Sayra Begum is an illustrator, writer and educator based in Nottingham. Her style is influenced by Islamic miniatures and Surrealism. She is interested in theology, our relationship to the environment, to each other, and the reality that exists beyond our perception. Begum released her debut graphic novel, Mongrel in 2020 (supported by Arts Council England, published by Knockabout). Mongrel was exhibited in the 2022 NAE Open. In 2023 it was published under the title Je suis Métisse by Delcourt. Begum has contributed to the 10 Years to Save the World comic anthology, taken part in the Comics Cultural Exchange Residency in Prague, contributed to the Wild Escape campaign and is currently creating a comic based on the IPCC report (Intergovernmental Panel on Climate Change).
Begum studied BA Illustration at Plymouth College of Art (2014) where she discovered graphic novels in the university’s library. Craig Thompson’s Blankets and Marjane Satrapi’s Persepolis had a significant influence on her. As a dyslexic, there was accessibility in this multi-modal form of communication which allowed the viewer to be an active participant yet become fully immersed. On the MA Illustration course at Falmouth University (2016), she decided to focus on graphic memoirs, particularly memoirs belonging to female and marginalised voices. Her journey with Mongrel began there and was at the centre of her creative practice until its completion in 2020.
Sayra is the winner of the NAE Open 2022 Residency Prize. She is currently researching pilgrimage for her next graphic novel/gallery comic. She aims to capture ideas from philosophers (and make the inaccessible, and accessible), ideas from society (to listen), and the embodied experience of the pilgrimage itself (recreated for readers to experience and find their perspective). Sayra will be based at NAE until 23 September.
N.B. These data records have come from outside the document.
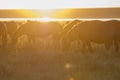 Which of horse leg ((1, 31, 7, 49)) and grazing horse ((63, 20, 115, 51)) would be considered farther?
horse leg ((1, 31, 7, 49))

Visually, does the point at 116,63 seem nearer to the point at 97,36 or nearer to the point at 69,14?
the point at 97,36

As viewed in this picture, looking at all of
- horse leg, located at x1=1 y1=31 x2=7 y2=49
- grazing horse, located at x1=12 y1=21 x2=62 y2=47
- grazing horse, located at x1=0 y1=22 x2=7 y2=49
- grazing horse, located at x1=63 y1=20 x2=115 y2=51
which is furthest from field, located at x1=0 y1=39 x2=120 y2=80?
grazing horse, located at x1=12 y1=21 x2=62 y2=47

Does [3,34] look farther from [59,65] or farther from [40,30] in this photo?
[59,65]

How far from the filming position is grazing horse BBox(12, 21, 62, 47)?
59.9 ft

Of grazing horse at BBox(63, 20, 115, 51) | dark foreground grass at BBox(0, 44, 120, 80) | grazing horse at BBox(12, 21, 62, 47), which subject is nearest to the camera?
dark foreground grass at BBox(0, 44, 120, 80)

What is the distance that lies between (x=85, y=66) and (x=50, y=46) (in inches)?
227

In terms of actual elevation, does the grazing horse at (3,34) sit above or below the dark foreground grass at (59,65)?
below

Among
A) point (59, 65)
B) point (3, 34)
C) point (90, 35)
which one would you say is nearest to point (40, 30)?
point (3, 34)

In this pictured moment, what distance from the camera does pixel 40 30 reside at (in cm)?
1833

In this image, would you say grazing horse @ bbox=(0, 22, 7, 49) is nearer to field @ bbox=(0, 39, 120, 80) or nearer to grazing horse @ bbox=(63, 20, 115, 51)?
field @ bbox=(0, 39, 120, 80)

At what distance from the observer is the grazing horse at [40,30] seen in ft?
59.9

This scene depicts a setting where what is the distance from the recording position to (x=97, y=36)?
16.3 m

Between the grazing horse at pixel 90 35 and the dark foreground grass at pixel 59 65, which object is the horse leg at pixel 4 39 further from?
the grazing horse at pixel 90 35

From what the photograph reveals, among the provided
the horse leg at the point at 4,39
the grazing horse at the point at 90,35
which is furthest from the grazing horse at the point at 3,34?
the grazing horse at the point at 90,35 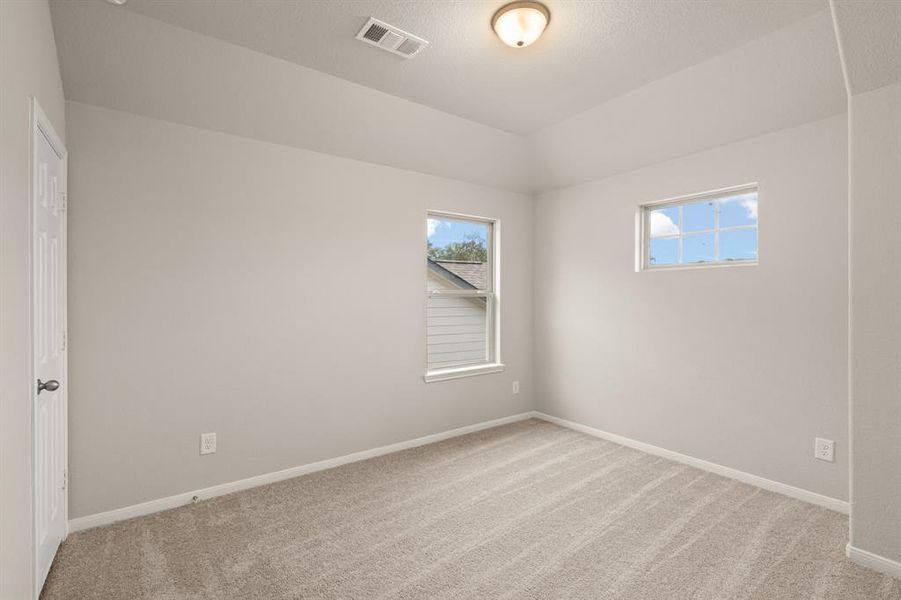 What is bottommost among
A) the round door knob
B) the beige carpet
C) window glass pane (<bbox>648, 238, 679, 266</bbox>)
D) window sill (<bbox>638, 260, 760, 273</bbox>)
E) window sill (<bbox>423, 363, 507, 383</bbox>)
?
the beige carpet

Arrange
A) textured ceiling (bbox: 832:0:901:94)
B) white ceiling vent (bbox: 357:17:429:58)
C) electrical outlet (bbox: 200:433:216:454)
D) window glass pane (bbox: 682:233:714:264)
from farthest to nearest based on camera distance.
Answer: window glass pane (bbox: 682:233:714:264) → electrical outlet (bbox: 200:433:216:454) → white ceiling vent (bbox: 357:17:429:58) → textured ceiling (bbox: 832:0:901:94)

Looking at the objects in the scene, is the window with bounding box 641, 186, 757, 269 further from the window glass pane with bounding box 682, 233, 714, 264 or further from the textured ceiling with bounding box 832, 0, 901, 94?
the textured ceiling with bounding box 832, 0, 901, 94

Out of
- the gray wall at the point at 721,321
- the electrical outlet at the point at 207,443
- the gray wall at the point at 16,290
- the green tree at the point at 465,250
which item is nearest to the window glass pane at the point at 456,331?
the green tree at the point at 465,250

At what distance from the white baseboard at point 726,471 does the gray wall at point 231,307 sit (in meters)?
1.41

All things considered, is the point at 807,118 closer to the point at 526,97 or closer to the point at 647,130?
the point at 647,130

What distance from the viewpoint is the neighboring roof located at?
416cm

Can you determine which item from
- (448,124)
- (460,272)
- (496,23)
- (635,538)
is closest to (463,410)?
(460,272)

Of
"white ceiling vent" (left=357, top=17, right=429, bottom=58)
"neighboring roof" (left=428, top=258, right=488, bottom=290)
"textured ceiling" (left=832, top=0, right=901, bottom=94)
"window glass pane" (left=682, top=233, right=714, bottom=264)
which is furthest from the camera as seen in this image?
"neighboring roof" (left=428, top=258, right=488, bottom=290)

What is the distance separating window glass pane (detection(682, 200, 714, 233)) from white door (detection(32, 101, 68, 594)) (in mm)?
4030

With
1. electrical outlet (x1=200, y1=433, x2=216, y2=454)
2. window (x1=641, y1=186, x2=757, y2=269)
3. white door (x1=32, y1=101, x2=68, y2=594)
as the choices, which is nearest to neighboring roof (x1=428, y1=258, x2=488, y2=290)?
window (x1=641, y1=186, x2=757, y2=269)

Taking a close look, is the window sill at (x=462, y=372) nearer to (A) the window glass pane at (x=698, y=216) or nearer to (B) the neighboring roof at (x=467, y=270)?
(B) the neighboring roof at (x=467, y=270)

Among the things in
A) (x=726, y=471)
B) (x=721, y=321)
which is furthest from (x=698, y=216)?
(x=726, y=471)

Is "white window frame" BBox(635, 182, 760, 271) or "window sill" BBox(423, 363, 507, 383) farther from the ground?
"white window frame" BBox(635, 182, 760, 271)

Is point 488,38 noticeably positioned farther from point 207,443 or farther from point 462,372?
point 207,443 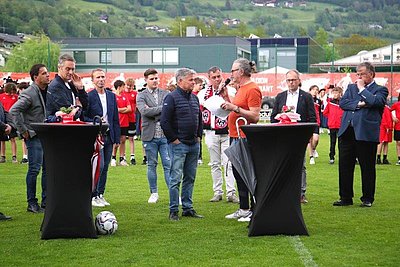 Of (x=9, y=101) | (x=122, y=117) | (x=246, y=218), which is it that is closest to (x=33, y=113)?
Result: (x=246, y=218)

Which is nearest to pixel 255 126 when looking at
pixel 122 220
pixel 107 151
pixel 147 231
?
pixel 147 231

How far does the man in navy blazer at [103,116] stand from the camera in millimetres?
12773

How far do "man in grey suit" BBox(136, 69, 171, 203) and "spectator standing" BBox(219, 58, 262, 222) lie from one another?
203 centimetres

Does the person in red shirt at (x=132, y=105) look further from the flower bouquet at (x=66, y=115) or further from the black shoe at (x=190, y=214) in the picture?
the flower bouquet at (x=66, y=115)

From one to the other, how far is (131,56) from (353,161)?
2504 inches

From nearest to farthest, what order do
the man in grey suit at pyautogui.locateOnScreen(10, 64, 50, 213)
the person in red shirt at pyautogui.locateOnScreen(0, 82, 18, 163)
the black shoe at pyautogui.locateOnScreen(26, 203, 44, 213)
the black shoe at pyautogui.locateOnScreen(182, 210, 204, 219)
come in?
1. the black shoe at pyautogui.locateOnScreen(182, 210, 204, 219)
2. the man in grey suit at pyautogui.locateOnScreen(10, 64, 50, 213)
3. the black shoe at pyautogui.locateOnScreen(26, 203, 44, 213)
4. the person in red shirt at pyautogui.locateOnScreen(0, 82, 18, 163)

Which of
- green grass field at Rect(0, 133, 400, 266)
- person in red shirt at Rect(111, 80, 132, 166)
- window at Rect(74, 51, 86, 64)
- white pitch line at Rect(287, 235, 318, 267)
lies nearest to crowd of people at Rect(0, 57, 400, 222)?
green grass field at Rect(0, 133, 400, 266)

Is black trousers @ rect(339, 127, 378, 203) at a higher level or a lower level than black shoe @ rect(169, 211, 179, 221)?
higher

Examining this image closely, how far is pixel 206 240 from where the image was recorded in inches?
383

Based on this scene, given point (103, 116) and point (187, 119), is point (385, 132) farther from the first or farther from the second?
point (187, 119)

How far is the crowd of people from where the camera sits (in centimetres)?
1117

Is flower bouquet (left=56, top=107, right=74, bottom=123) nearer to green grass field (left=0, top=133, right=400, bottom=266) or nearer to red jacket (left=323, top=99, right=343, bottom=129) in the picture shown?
green grass field (left=0, top=133, right=400, bottom=266)

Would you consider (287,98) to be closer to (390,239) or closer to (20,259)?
(390,239)

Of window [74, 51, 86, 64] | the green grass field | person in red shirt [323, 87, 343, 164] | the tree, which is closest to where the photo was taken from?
the green grass field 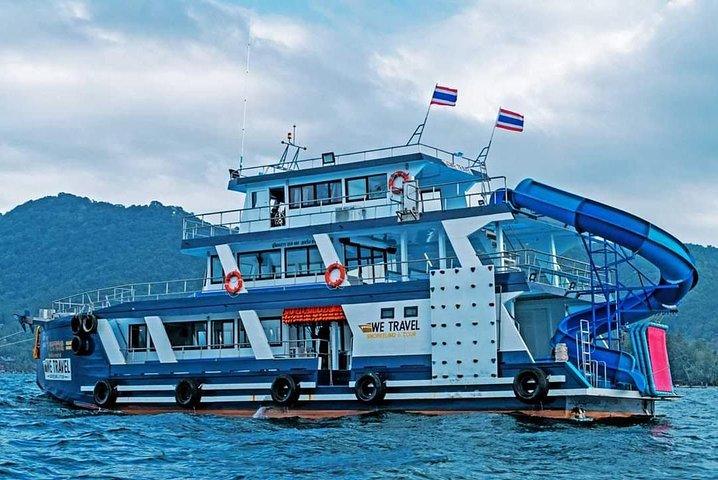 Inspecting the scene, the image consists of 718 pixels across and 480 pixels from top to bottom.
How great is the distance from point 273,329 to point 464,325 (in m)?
6.86

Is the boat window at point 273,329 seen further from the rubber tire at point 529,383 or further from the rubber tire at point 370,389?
the rubber tire at point 529,383

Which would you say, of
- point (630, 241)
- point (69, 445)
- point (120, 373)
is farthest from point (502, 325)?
point (120, 373)

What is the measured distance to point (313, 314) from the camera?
26219 mm

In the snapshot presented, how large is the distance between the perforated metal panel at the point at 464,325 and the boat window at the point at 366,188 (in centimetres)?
504

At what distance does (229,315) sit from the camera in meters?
28.6

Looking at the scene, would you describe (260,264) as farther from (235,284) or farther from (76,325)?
(76,325)

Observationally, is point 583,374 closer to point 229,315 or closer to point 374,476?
point 374,476

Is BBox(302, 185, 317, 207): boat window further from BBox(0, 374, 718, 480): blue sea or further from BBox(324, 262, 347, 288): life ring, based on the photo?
BBox(0, 374, 718, 480): blue sea

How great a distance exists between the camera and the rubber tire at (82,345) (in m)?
29.8

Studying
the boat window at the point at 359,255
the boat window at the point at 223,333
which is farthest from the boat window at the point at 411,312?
the boat window at the point at 223,333

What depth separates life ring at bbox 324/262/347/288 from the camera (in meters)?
25.8

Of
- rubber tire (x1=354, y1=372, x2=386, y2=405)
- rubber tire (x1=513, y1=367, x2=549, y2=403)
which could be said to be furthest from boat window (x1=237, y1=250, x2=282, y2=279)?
rubber tire (x1=513, y1=367, x2=549, y2=403)

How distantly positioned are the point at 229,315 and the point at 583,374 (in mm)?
10950

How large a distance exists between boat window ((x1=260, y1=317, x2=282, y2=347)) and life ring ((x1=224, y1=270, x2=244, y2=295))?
1.32 m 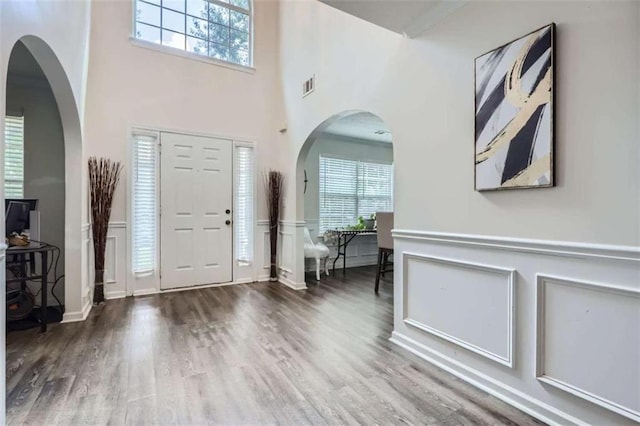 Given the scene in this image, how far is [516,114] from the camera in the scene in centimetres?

Sayra will use the residency space to develop new paintings for her new graphic novel and experiment with new materials at a larger scale than she is used to. She also plans to host intimate sharing events, and conversations with religious and secular pilgrims, as well as artists who centre their practice around their religious faith in their work. She will also have access to mentorship from NAE’s creative team.